Soutien UE « bien intentionné mais inefficace » (Cour des comptes)

Bruxelles, 18/06/2013 (Agence Europe) - Dans un rapport publié le 18 juin, la Cour des comptes européenne critique fortement l'aide versée par l'UE pour la promotion des domaines clés de la gouvernance en Égypte pendant les périodes qui ont précédé et suivi le soulèvement de janvier 2011, la considérant comme « bien intentionné mais inefficace ». « La méthode douce n'a pas fonctionné. Il est temps d'adopter une approche plus ciblée qui produira des résultats concluants et garantira une meilleure utilisation de l'argent du contribuable européen », a expliqué le responsable du rapport, Karel Pinxten. L'audit a été centré sur la gestion des finances publiques et la lutte contre la corruption mais aussi sur les droits de l'homme et la démocratie. « Le rapport comporte un grand nombre de constatations édifiantes qui montrent que l'aide de l'UE n'a pas permis d'améliorer efficacement la gouvernance », souligne le communiqué de la Cour.

Pour la période 2007-2013, l'UE a alloué environ 1 milliard d'euros à l'Égypte et plus de la moitié de ces fonds ont transité par le Trésor égyptien. La Cour des comptes reproche à la Commission et au Service européen pour l'action extérieure (SEAE) de ne pas s'être assurés que les autorités égyptiennes remédient aux faiblesses en matière de gestion des finances publiques, telles que « le manque de transparence du budget, l'inefficacité de la fonction d'audit et la corruption endémique ». Ils n'ont pas réagi à l'absence de progrès en prenant des mesures décisives afin de garantir l'obligation de rendre compte des importants volumes de fonds de l'UE qui ont continué d'être versés directement aux autorités égyptiennes, déplore aussi le rapport. Le document souligne aussi que « malgré les graves problèmes de corruption que connaît l'Égypte, l'aide de l'UE a peu contribué à combattre directement ce problème ».

Manque d'efficacité sur les droits de l'homme. Les évaluations en termes de droits de l'homme et de la démocratie ne sont pas meilleures, les interventions de l'UE dans ces domaines « n'ont amené que peu de progrès » et le principal programme sur les droits de l'homme a « dans une large mesure, été un échec ». Selon la Cour, la Commission et le SEAE n'ont pas utilisé les moyens financiers et politiques dont ils disposaient pour endiguer le manque d'engagement des autorités égyptiennes. Les fonds acheminés par l'intermédiaire des organisations de la société civile n'étaient pas suffisants pour faire une différence perceptible. Et pour la Cour, aucune nouvelle initiative de grande envergure pour régler les questions majeures des droits de l'homme n'a été lancée après la chute de Moubarak, et les mesures prises n'ont pour l'instant, pas d'incidence.

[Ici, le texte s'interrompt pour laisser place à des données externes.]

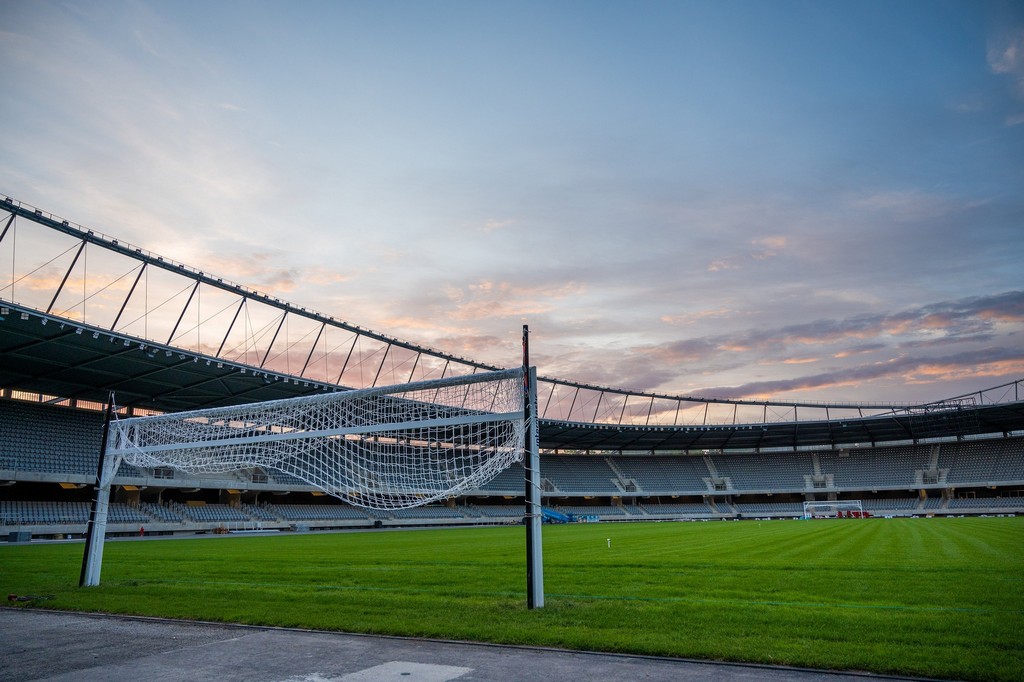 dariaus ir gireno stadionas uab archas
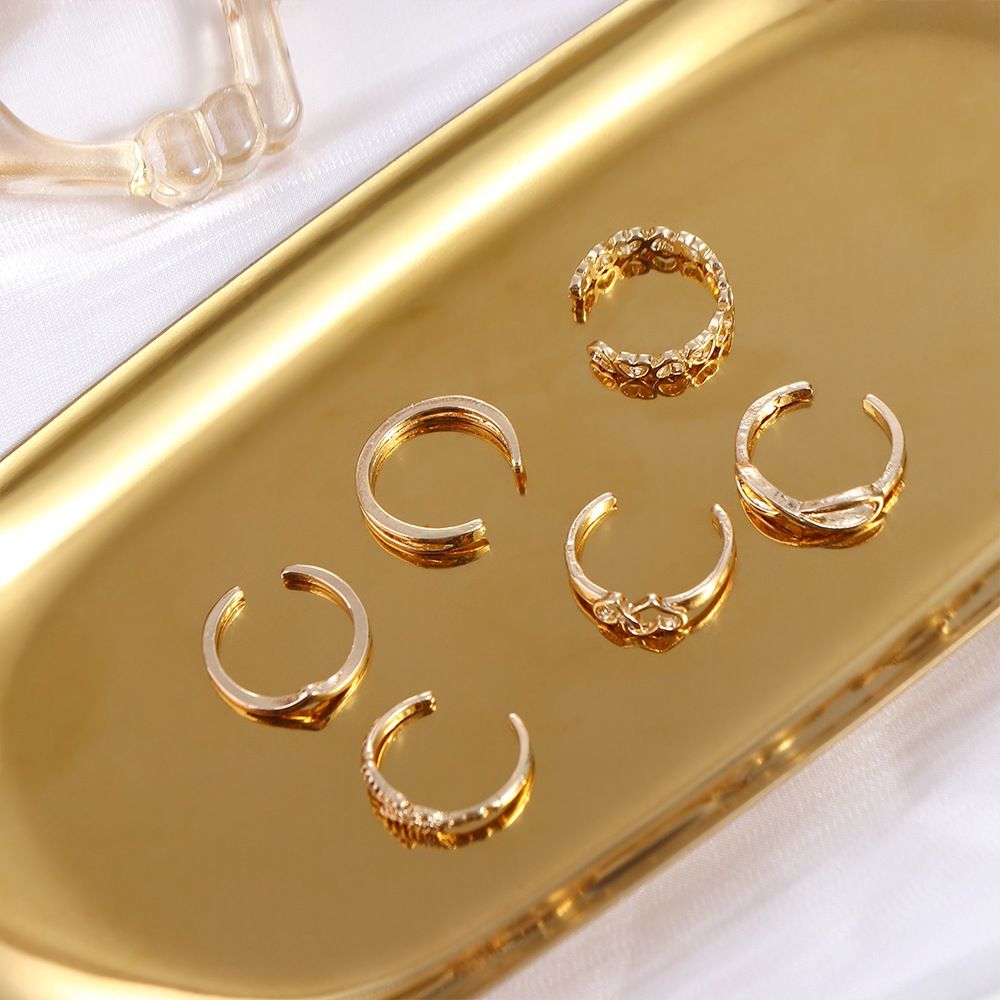 Heart Shape White Copper Open  - đánh giá và giá Women'S Korean Accessories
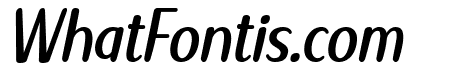 Aliska Italic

L'UE prend note du rapport, mais regrette qu'il ne soit pas plus juste. Le rapport souligne que la Commission et le SEAE ont accepté les recommandations de la Cour des comptes. « La Commission prend très au sérieux les constatations de la Cour des comptes », a souligné Peter Stano, le porte-parole du commissaire chargé de la politique de Voisinage, Stefan Füle, regrettant cependant que ses remarques n'aient pas été prises en compte. Il a précisé que depuis que la Haute représentante, Catherine Ashton, et M. Füle sont en poste, ils se sont lancés dans le réexamen de la politique de voisinage pour mieux répondre aux besoins des pays voisins, avec le principe du « plus pour plus ».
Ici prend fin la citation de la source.